5. Więc słudzy Chiskjasza przybyli do Jezajasza.
6. A Jezajasz do nich powiedział: Tak powiecie waszemu panu: Tak mówi WIEKUISTY: Nie obawiaj się słów, które słyszałeś; którymi Mnie lżyli pachołki asyryjskiego króla.
7. Oto podam mu taką myśl, by gdy usłyszy pewną wieść, powrócił do swego kraju, a wtedy zgubię go mieczem w jego własnym kraju.
8. Tymczasem wrócił Rabszaka i znalazł asyryjskiego króla walczącego przeciwko Libnie; bowiem słyszał, że wyruszył z Lachisz.
9. A gdy usłyszał jak mówiono o etiopskim królu Tyrhaku: Ten wyruszył, aby walczyć przeciwko tobie znowu wysłał posłów do Chiskjasza z tymi słowami:
10. Tak powiecie judzkiemu królowi Chiskjaszowi: Niech cię nie zwodzi twój bóg, któremu ty ufasz, mówiąc: Jeruszalaim nie będzie wydane w moc asyryjskiego króla!

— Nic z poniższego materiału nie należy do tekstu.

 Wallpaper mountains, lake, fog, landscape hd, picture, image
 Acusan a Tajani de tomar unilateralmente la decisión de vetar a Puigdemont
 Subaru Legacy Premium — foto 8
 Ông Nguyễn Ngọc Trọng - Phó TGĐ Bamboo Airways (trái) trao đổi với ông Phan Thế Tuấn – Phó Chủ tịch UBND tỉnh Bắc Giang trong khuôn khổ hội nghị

11. Przecież słyszałeś, co królowie asyryjscy uczynili wszystkim ziemiom; jak je zniszczyli! A ty miałbyś być ocalony?
12. Czy bogowie ludów ocalili te, co zniszczyli moi ojcowie: Gozan, Haran, Recef oraz synów Edenu, którzy mieszkali w Telassar?

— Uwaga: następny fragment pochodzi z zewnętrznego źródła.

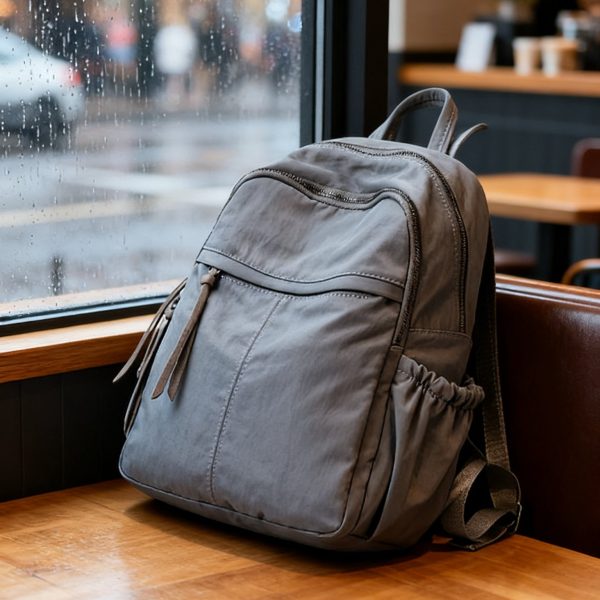 New Soft Oxford Cloth Fashionable Women's Backpack College Campus Style Versatile Waterproof School Bag for Girls
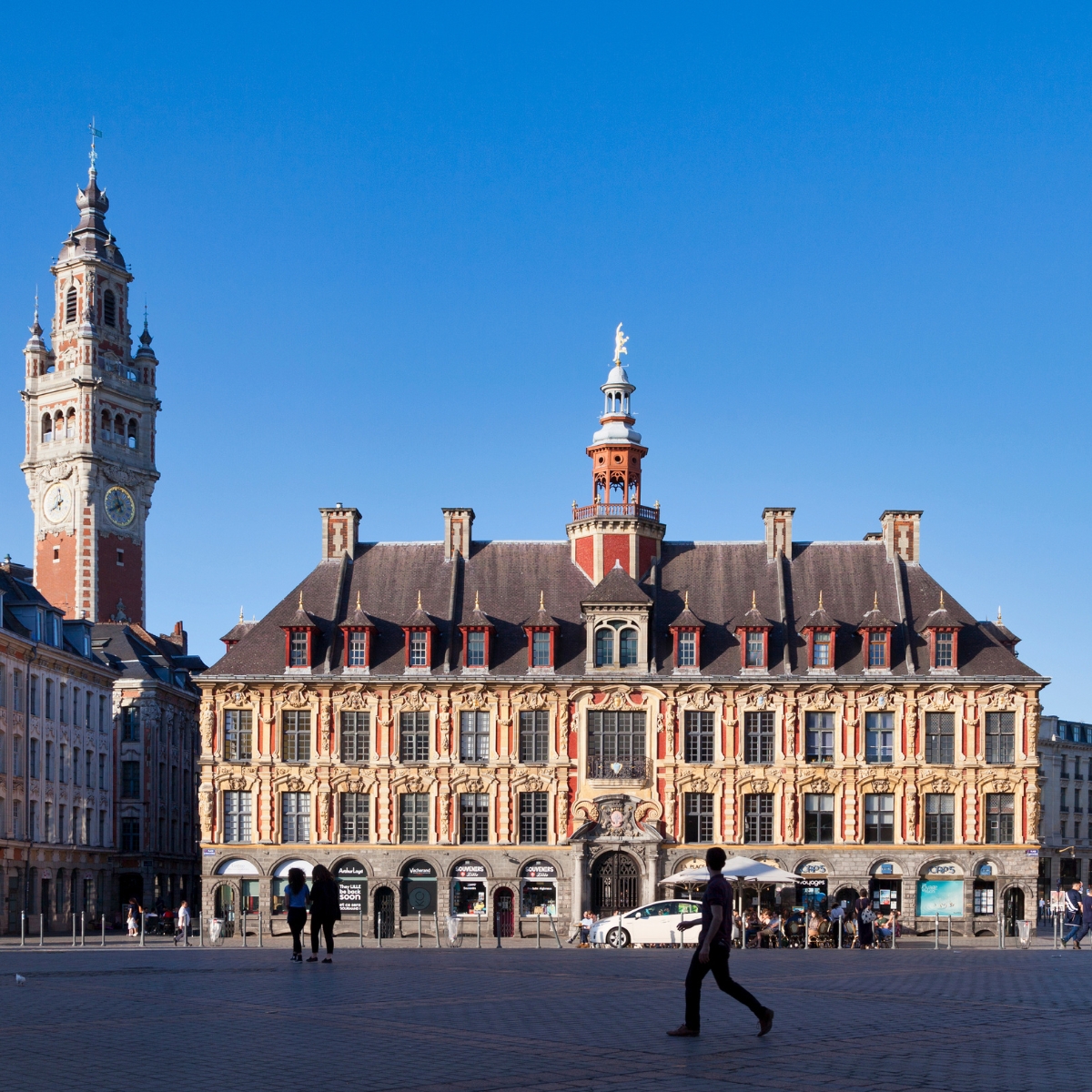 Lille Scavenger Hunt and Self-Guided Tour 4 The Vieille Bourse is a 17th-century masterpiece of Flemish Renaissance architecture, consisting of twenty-four identical houses wrapped around a beautiful interior courtyard where locals often gather for book markets and chess.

13. Gdzie jest król Chamathu, król Arpadu, król miasta Sefarwaim, Hena i Iwwa?
14. Zatem Chiskjasz wziął z ręki posłów list, przeczytał go, wszedł do Przybytku WIEKUISTEGO, i Chiskjasz rozwinął go przed WIEKUISTYM.
15. Nadto Chiskjasz modlił się do WIEKUISTEGO, mówiąc: WIEKUISTY, Boże Israela, który zasiadasz nad cherubami! Ty sam jeden jesteś Bogiem wszystkich królestw ziemi; Ty stworzyłeś niebiosa i ziemię.